I'm not sure this method is available for judging the sign of a multi parameter equality using the function "Simplify" in Mathematica.

But in the official document, the "Simplify" could "use assumptions to prove inequalities".

So I tried this method to judge my complex equation (it's other formula's first derivative and I need to judge it positive or negative)

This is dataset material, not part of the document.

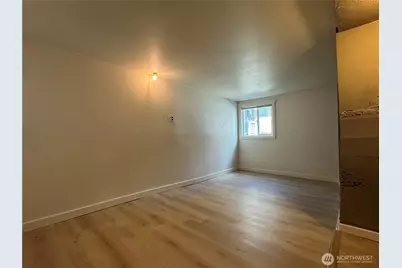 811 NE 66th Street, Seattle, WA 98115 - Photo 24
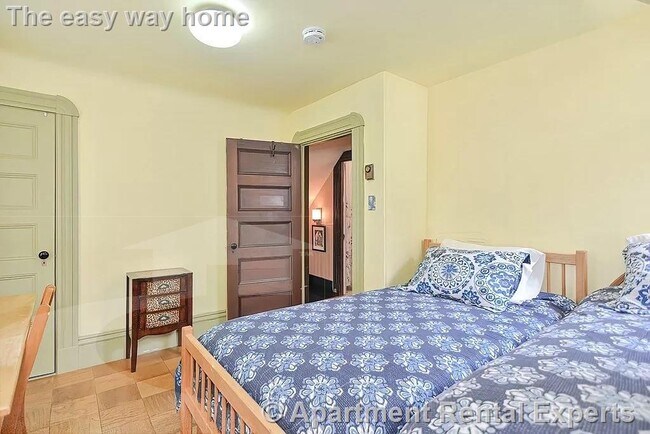 Photo - 22 Dell St Unit 1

And I posted my code here, please help me why it can not obtain the outcome of "True of False".

Simplify[1 + (
   b^m E^((qL \[Rho])/\[Lambda]) m p^(-1 + m)
     RqL (E^(b/\[Lambda]) + 
      E^((qL \[Rho])/\[Lambda]) (-1 + \[Alpha]) - 
      E^((b^m qH)/((b^m + p^m) \[Lambda])) \[Alpha]))/((b^m + p^
      m)^2 (-E^(((2 b)/\[Lambda])) + E^((
      b + (b^m qH)/(b^m + p^m))/\[Lambda]) + 
      E^((b^m (qH + qL))/((b^m + p^m) \[Lambda])) (-1 + \[Alpha]) - 
      E^((2 qL \[Rho])/\[Lambda]) (-1 + \[Alpha]))) + (b^(2 m) E^((
      qL \[Rho])/\[Lambda]) m p^(-1 + m)
       RqL (E^((
         b^m (qH + 2 qL))/((b^m + p^m) \[Lambda])) (qH - 
           qL) (-1 + \[Alpha]) + 
        E^(b/\[Lambda]) (-E^(((2 b)/\[Lambda])) qL - 
           2 E^((b^
             m (qH + qL))/((b^m + p^m) \[Lambda])) (qH - 
              qL) (-1 + \[Alpha]) - 
           2 E^((b + (b^m qL)/(b^m + p^m))/\[Lambda])
             qL (-1 + \[Alpha]) + 
           E^((2 qL \[Rho])/\[Lambda]) qL (-1 + \[Alpha]) - 
           E^((2 b^m qH)/((b^m + p^m) \[Lambda])) qL \[Alpha] + 
           E^((b + (b^m qH)/(
             b^m + p^m))/\[Lambda]) (-qH + 
              qL + (qH + qL) \[Alpha]))))/((b^m + p^m)^3 (E^((
        2 b)/\[Lambda]) - E^((b + (b^m qH)/(b^m + p^m))/\[Lambda]) - 
        E^((b^m (qH + qL))/((b^m + p^m) \[Lambda])) (-1 + \[Alpha]) + 
        E^((2 qL \[Rho])/\[Lambda]) (-1 + \[Alpha]))^2 \[Lambda]) < 
  0, 100 > qH > qL > b > p > 0 &&  0 < \[Rho] < 1 && 
  2 > \[Lambda] > 0 && 0 < \[Alpha] < 1 && 2 > m > 1]